(Image-caption web data)
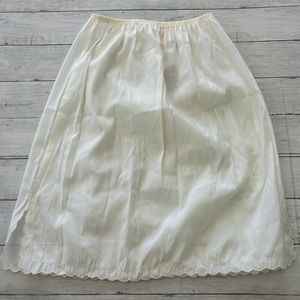 Vtg 1960’s Tafredda White Half Slip XS Scalloped Hem Side Slits Made in USA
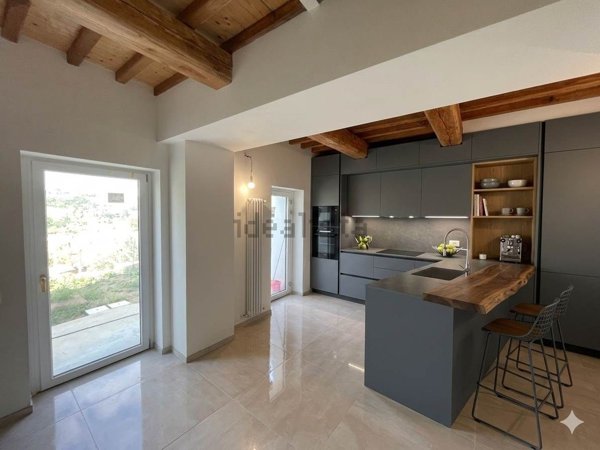 casa indipendente in vendita a Lastra a Signa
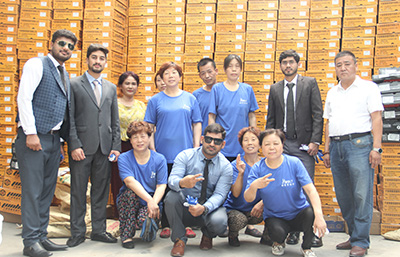 熱烈歡迎巴基斯坦的著名的螺栓進(jìn)口公司來(lái)我工廠(chǎng)參觀(guān)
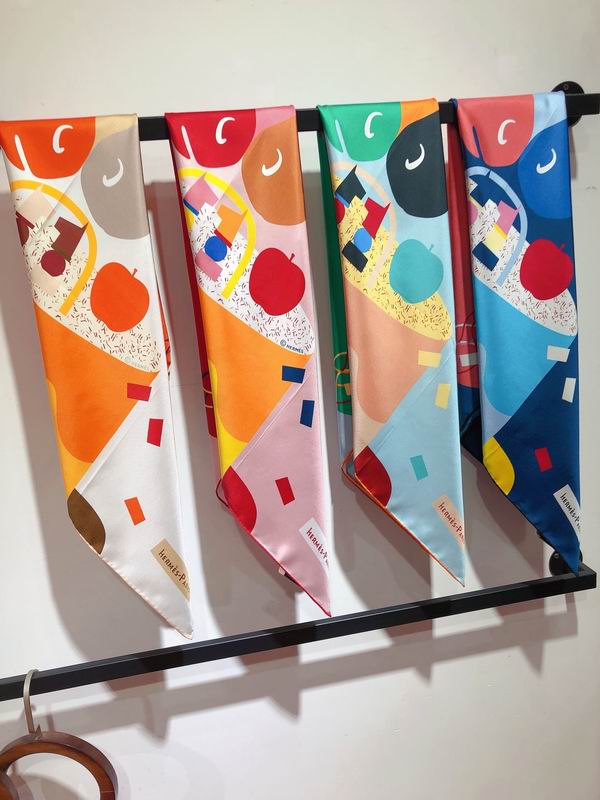 Hermes silk scarf 90X90cm E (30)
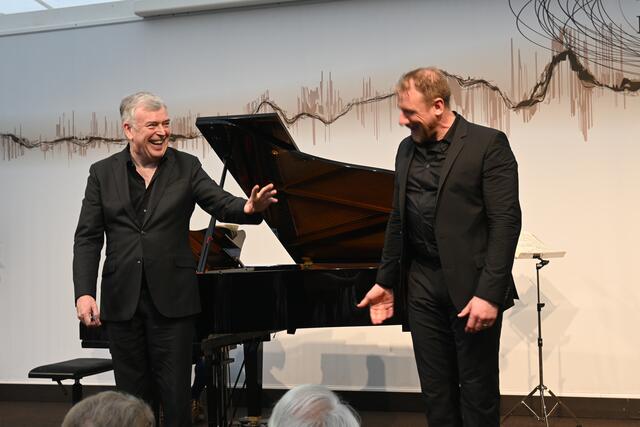 Malcolm Martineau (Klavier, v.l.) und Günther Groissböck (Bass) erhielten für ihre Leistung für minutenlangen Applaus und Bravorufe aus dem Publikum. | Foto: Martin Schöndorfer, 2023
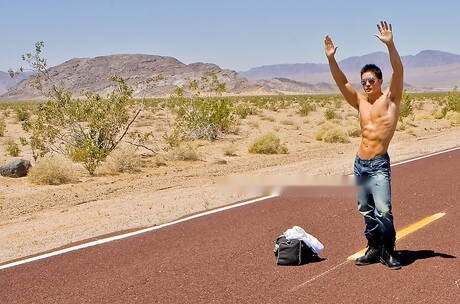 El toro asiático Peter Le se quita la ropa afuera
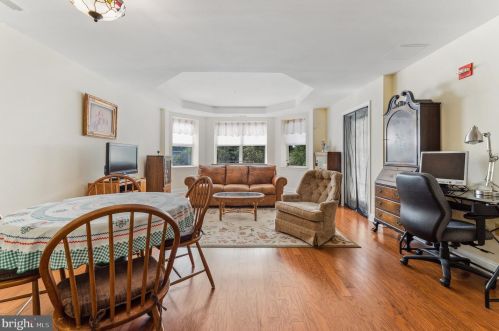 2208 Windrow Dr, Princeton, NJ 08540-5022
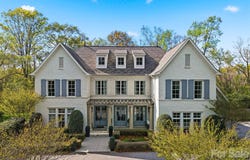 834 9th Avenue NW, Hickory, NC 28601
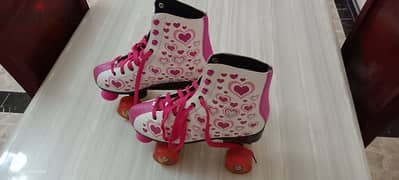 girl and boy skates 0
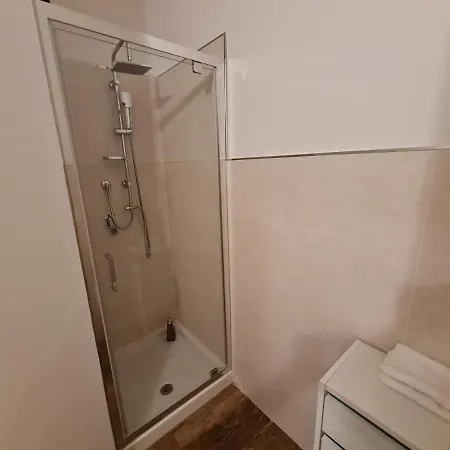 Monti Nocleg ze śniadaniem 3*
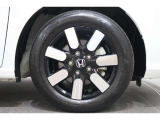 純正のアルミホイールが足元を飾ります!タイヤサイズは185/65R15 になります。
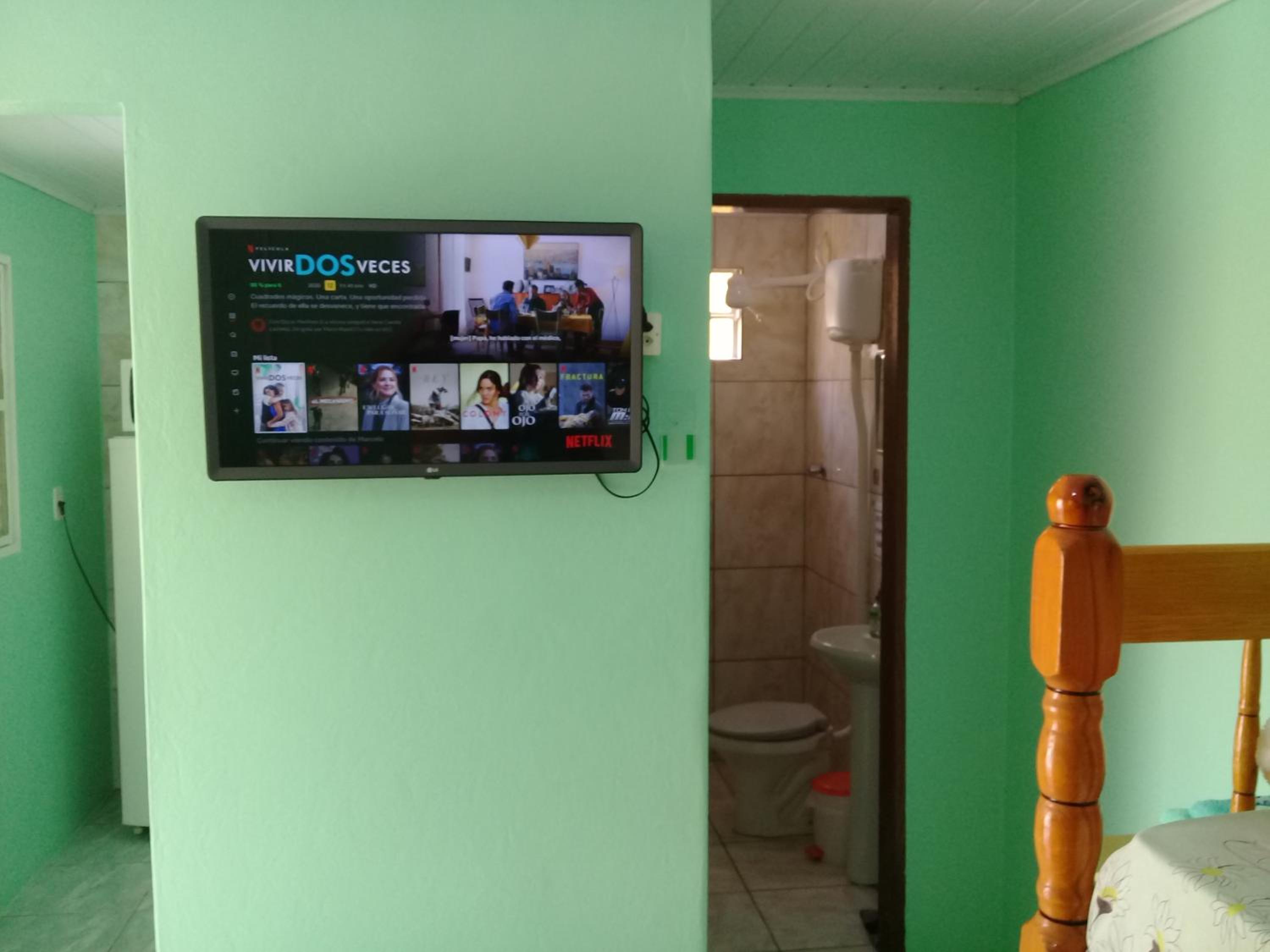 Family Room photo 1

What to work on
Only one thing is required: an exact printout of the lines from the line containing "casa indipendente in" through the last line of the records, pictures excluded.

Reply
 casa indipendente in vendita a Lastra a Signa
 熱烈歡迎巴基斯坦的著名的螺栓進(jìn)口公司來(lái)我工廠(chǎng)參觀(guān)
 Hermes silk scarf 90X90cm E (30)
 Malcolm Martineau (Klavier, v.l.) und Günther Groissböck (Bass) erhielten für ihre Leistung für minutenlangen Applaus und Bravorufe aus dem Publikum. | Foto: Martin Schöndorfer, 2023
 El toro asiático Peter Le se quita la ropa afuera
 2208 Windrow Dr, Princeton, NJ 08540-5022
 834 9th Avenue NW, Hickory, NC 28601
 girl and boy skates 0
 Monti Nocleg ze śniadaniem 3*
 純正のアルミホイールが足元を飾ります!タイヤサイズは185/65R15 になります。
 Family Room photo 1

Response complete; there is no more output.